Eine politische Abschiedsvorstellung

Berliner Regierungsberater diagnostizieren vor den morgigen Parlamentswahlen in Afghanistan einen „Abbau“ formaldemokratischer Restbestände in Kabul. Die westlichen Besatzer legten offenbar keinen Wert mehr auf „glaubwürdige Wahlen“ am Hindukusch, heißt es in einer aktuellen Analyse der Berliner Stiftung Wissenschaft und Politik (SWP). Präsident Karzai erhalte vielmehr „freie Hand“, mit Hilfe der Wahlen „nun auch das Unterhaus seinem Willen zu unterwerfen“. Afghanistan sei unter westlicher Kontrolle eine „Fassadendemokratie“ geworden, die „auf einem Unterbau aus kriegs- und drogenökonomischen sowie klientelistischen Strukturen“ basiere. Während Karzai sich offenkundig darauf vorbereitet, eine „Präsidentendynastie“ in Kabul zu etablieren, treiben westliche Thinktanks ihre Planungen für eine künftige Afghanistan-Strategie voran. Jüngsten Vorschlägen zufolge sollen die westlichen Besatzungstruppen stark reduziert und nur in wenigen Militärbasen für gelegentliche Überfälle auf antiwestliche Kräfte bereitgehalten werden. Afghanistan selbst, heißt es, sei in relativ eigenständige Provinzen zu zerlegen, die zur „Zentralregierung“ in Kabul in einem „Gleichgewicht der Schwäche“ stünden – optimale Voraussetzungen für die Kontrolle des Landes durch die westlichen Mächte.

Freie Hand

Berliner Regierungsberater rechnen mit „erheblichen Fälschungen“ und ernstem Wahlbetrug bei den morgigen Parlamentswahlen in Afghanistan. Wie aus einer aktuellen Analyse der Stiftung Wissenschaft und Politik (SWP) hervorgeht, sind die Vorschläge afghanischer und internationaler Beobachter, wie aus den Wahlfälschungen der Jahre 2004, 2005 und 2009 Konsequenzen gezogen werden könnten, von den westlichen Besatzungsmächten ignoriert worden.
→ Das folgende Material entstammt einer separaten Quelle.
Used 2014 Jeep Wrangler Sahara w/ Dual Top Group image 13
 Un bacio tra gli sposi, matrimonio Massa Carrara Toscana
Selbst gegen schwerste Mängel werde nicht eingeschritten; zum Beispiel seien inzwischen 17,4 Millionen Wählerausweise in Umlauf, während die Gesamtzahl der Wahlberechtigten nur mit unter 12,6 Millionen angegeben werde. Weite Landstriche stünden nicht unter der Kontrolle des Kabuler Regimes oder der NATO, weshalb ein geregelter Wahlablauf dort recht unwahrscheinlich sei. Wie die SWP feststellt, haben die westlichen Staaten ihre Wahlbeobachtung mittlerweile deutlich reduziert. So entsendet die EU keine „Observation Mission“ mehr, sondern lediglich eine „Assistance Mission“, deren Aufgaben und Kompetenzen deutlich verringert wurden. Wie die SWP resümiert, habe der Westen „das Ziel glaubwürdiger Wahlen in Afghanistan aufgegeben“ und lasse „Präsident Karzai freie Hand“.[1]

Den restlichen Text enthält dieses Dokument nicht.